#### Records to process:
● ● ●

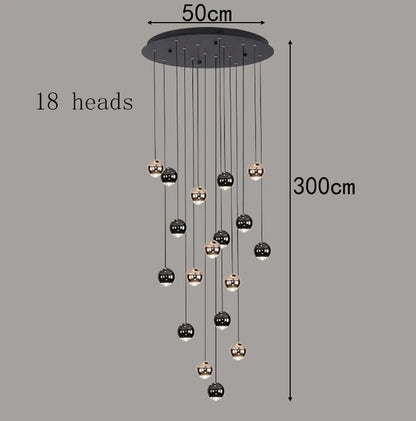 Modern Crystal stair chandelier lights indoor lighting Ceiling lamp hanging light led Chandeliers for living room indoor lightin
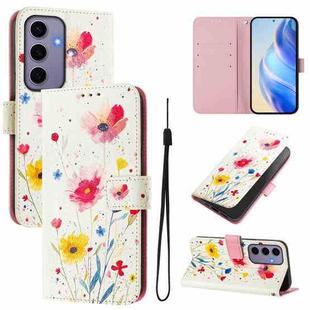 For Samsung Galaxy S24 5G Art Colored Drawing Pattern Leather Phone Case(Flowers and plants)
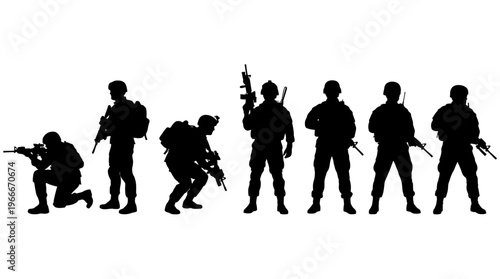Silhouettes of soldiers in various combat poses, holding rifles and carrying gear, against a clean white background.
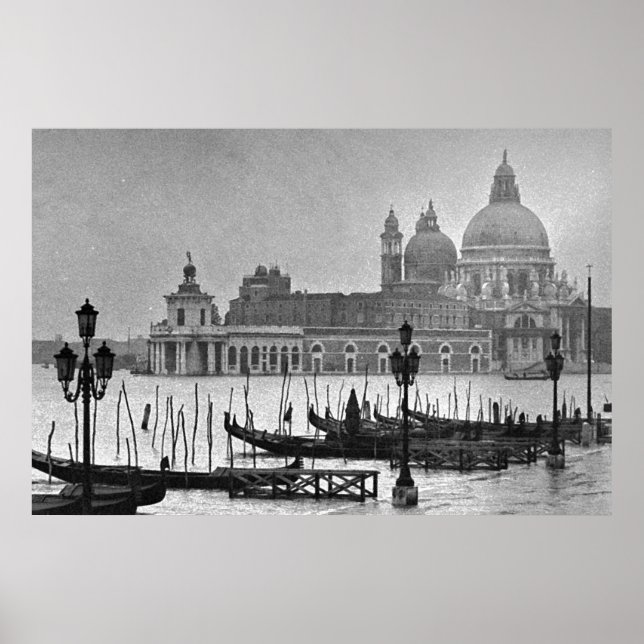 Black White Grand Canal Venice Italien Travel Post Poster (Framsidan)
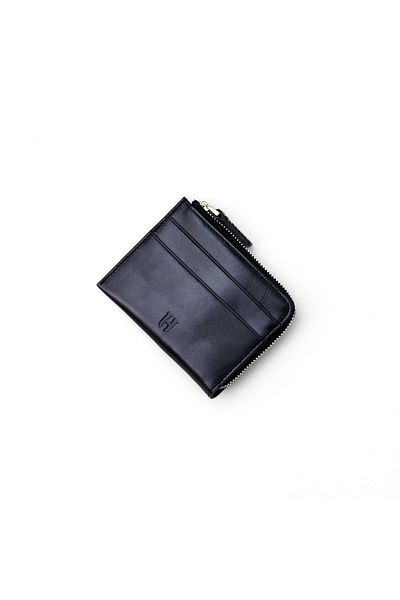 HELMBROOK Seward Genuine Leather Black Men's Pocket Design Zipper Closure Multi Compartment Rfid Protection Card Holder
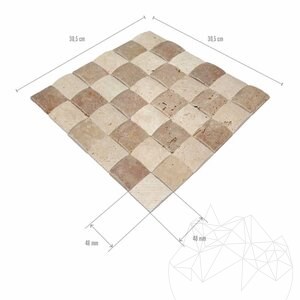 Classic & Noce Getrommelter Travertin 3D-Kissenmosaik 5 x 5 cm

● ● ●

#### What you are asked to do:
Output all of the listing above, exactly as given, but without its pictures.

#### Expected answer:
 Modern Crystal stair chandelier lights indoor lighting Ceiling lamp hanging light led Chandeliers for living room indoor lightin
 For Samsung Galaxy S24 5G Art Colored Drawing Pattern Leather Phone Case(Flowers and plants)
Silhouettes of soldiers in various combat poses, holding rifles and carrying gear, against a clean white background.
 Black White Grand Canal Venice Italien Travel Post Poster (Framsidan)
 HELMBROOK Seward Genuine Leather Black Men's Pocket Design Zipper Closure Multi Compartment Rfid Protection Card Holder
 Classic & Noce Getrommelter Travertin 3D-Kissenmosaik 5 x 5 cm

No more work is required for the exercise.